MMP2 Il plasmide di attivazione CRISPR (m) fornisce un approccio mirato e non distruttivo per sovraregolare l'espressione endogena di Mmp2 senza alterare la sequenza di DNA sottostante.
MMP2 Il plasmide di attivazione CRISPR (m) è un sistema SAM (mediatore di attivazione sinergico) a tre plasmidi progettato per la sovraregolazione trascrizionale altamente efficiente e sito-specifica del locus Mmp2 nelle linee cellulari umane. Il sistema è costruito attorno a una Cas9 cataliticamente inattiva (dCas9) che porta due mutazioni inattivanti (D10A e N863A) che eliminano l'attività nucleasica preservando al contempo il legame con il DNA. Questa dCas9 è fusa con VP64, un potente attivatore trascrizionale, ed è coespressa con un gene di resistenza alla blasticidina per la selezione. Il secondo plasmide codifica la proteina di fusione MS2-p65-HSF1, un complesso attivatore secondario che agisce in sinergia con dCas9-VP64, insieme a un gene di resistenza all'igromicina. Il terzo plasmide codifica un sgRNA specifico per il bersaglio di 20 nt fuso a due aptameri di RNA MS2 che reclutano il complesso MS2-p65-HSF1 nel sito di attivazione, accompagnato da un gene di resistenza alla puromicina. I tre plasmidi vengono somministrati in un rapporto di massa 1:1:1 per un'espressione bilanciata di tutti i componenti del sistema.
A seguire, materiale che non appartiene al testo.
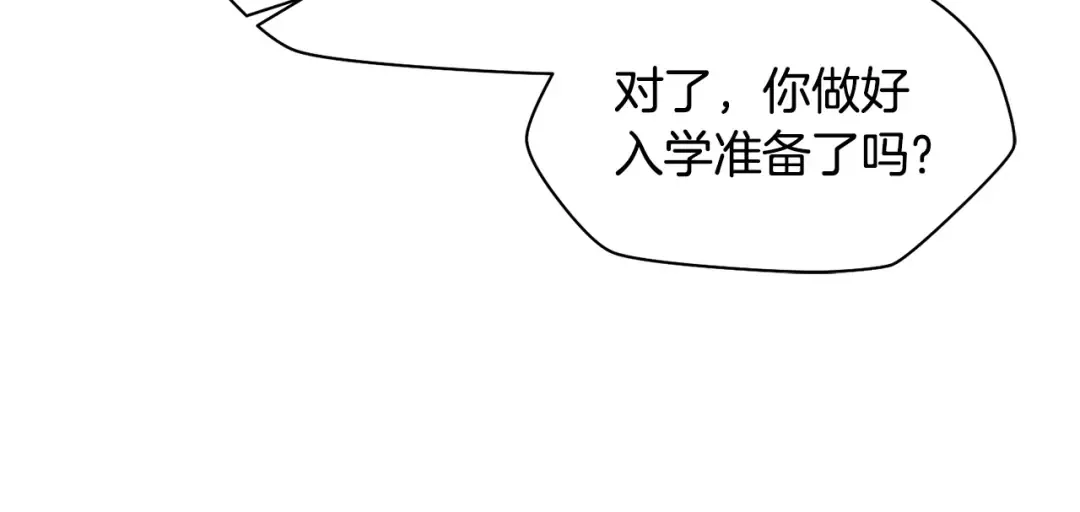 第一季完结篇 女儿身 第83页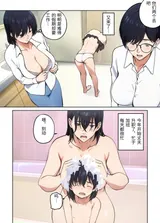 第 4 頁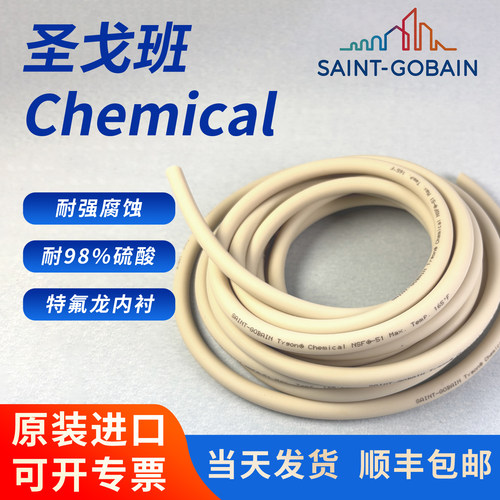 进口圣戈班chemical蠕动泵管酸碱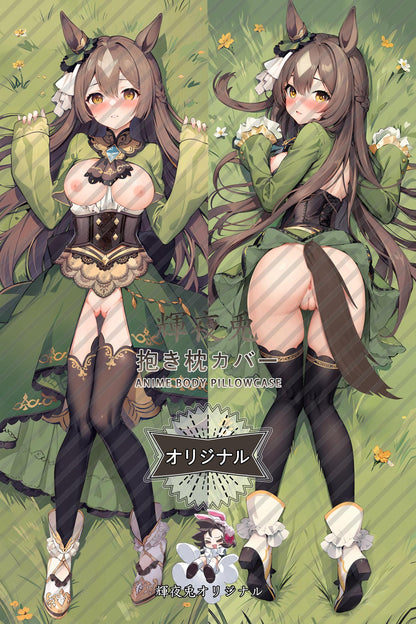 Satono Diamond_Umamusume： Pretty Derby_TDWGS8 Body Pillow Cover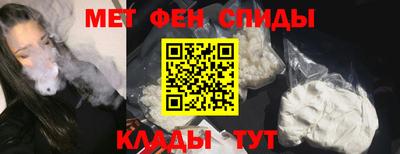 экстази Кимры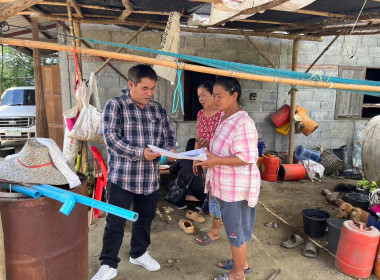 สอบทาน การเป็นหนี้ของสมาชิก ทุนเรือนหุ้น และเงินฝาก ... พารามิเตอร์รูปภาพ 3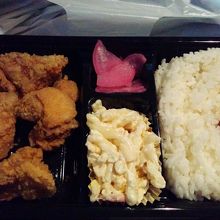 塩ザンギ弁当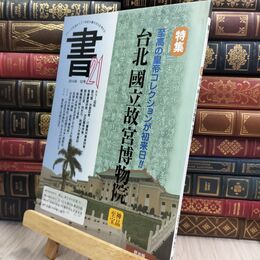 8_  書・21 52号: 季刊 匠出版（横浜） 300249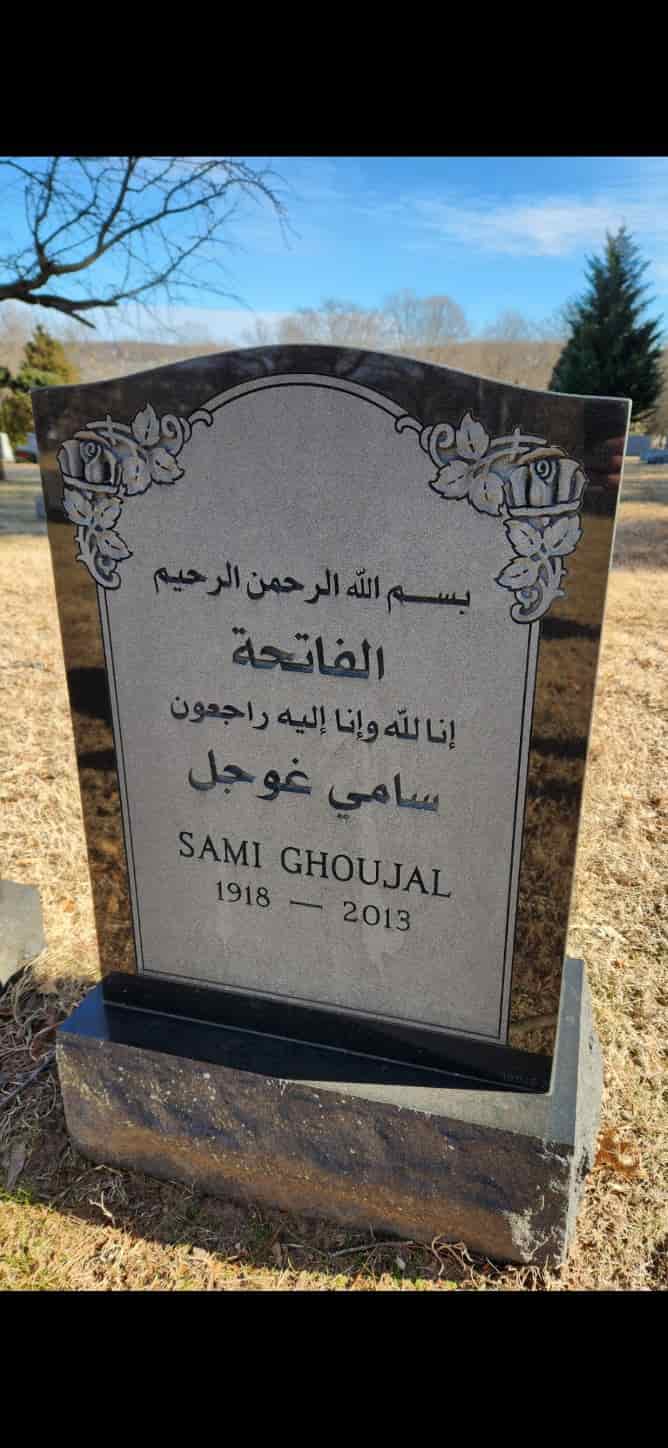 Islamic HeadStone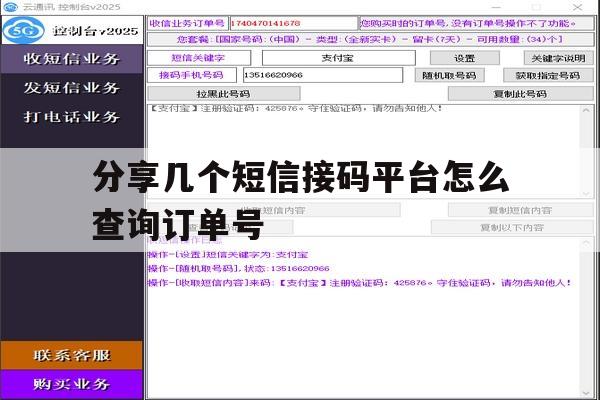 分享几个短信接码平台怎么查询订单号 分享几个短信接码平台怎么查询订单号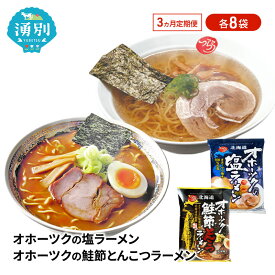 【ふるさと納税】定期便3ヵ月 オホーツクの塩ラーメン オホーツクの鮭節とんこつラーメン 各8袋 [ラーメン 麺類 塩味 とんこつ味 インスタント麺 つらら ]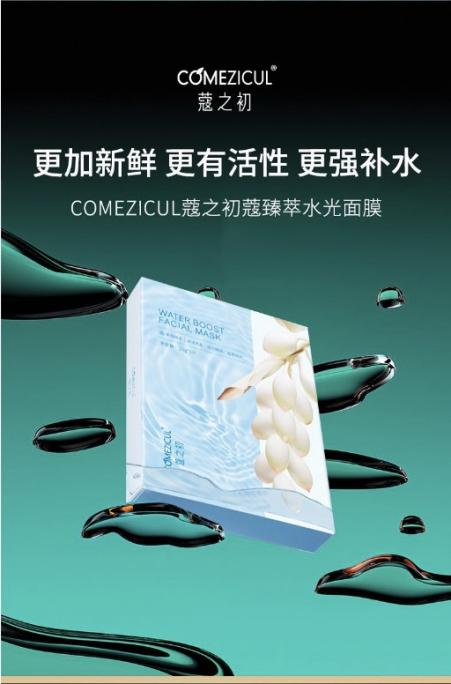 胜天国际领创品牌蔻之初开展“一带一路”护肤外交(图2)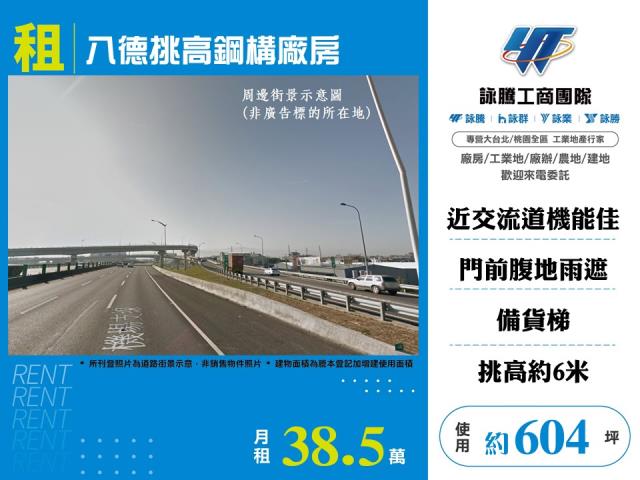 桃園市八德區其他工業用地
Una volta assemblato nel locus bersaglio, il complesso SAM si lega a circa 200 bp a monte del sito di inizio della trascrizione Mmp2, dove VP64, p65 e HSF1 agiscono in modo concertato per reclutare il machinery trascrizionale e guidare la sovraregolazione dell'espressione endogena di MMP2. A differenza della Cas9 con attività nucleasica, dCas9 non introduce rotture a doppio filamento né modifica la sequenza genomica, preservando il locus Mmp2 nativo e consentendo lo studio delle risposte trascrizionali dipendenti da MMP2 nel locus endogeno, rendendolo uno strumento prezioso per studi funzionali, l'identificazione di geni bersaglio e la modellizzazione del ripristino della via MMP2 nelle cellule tumorali con espressione di Mmp2 silenziata o ridotta.
Solo per uso di ricerca. Non destinato a uso diagnostico o terapeutico.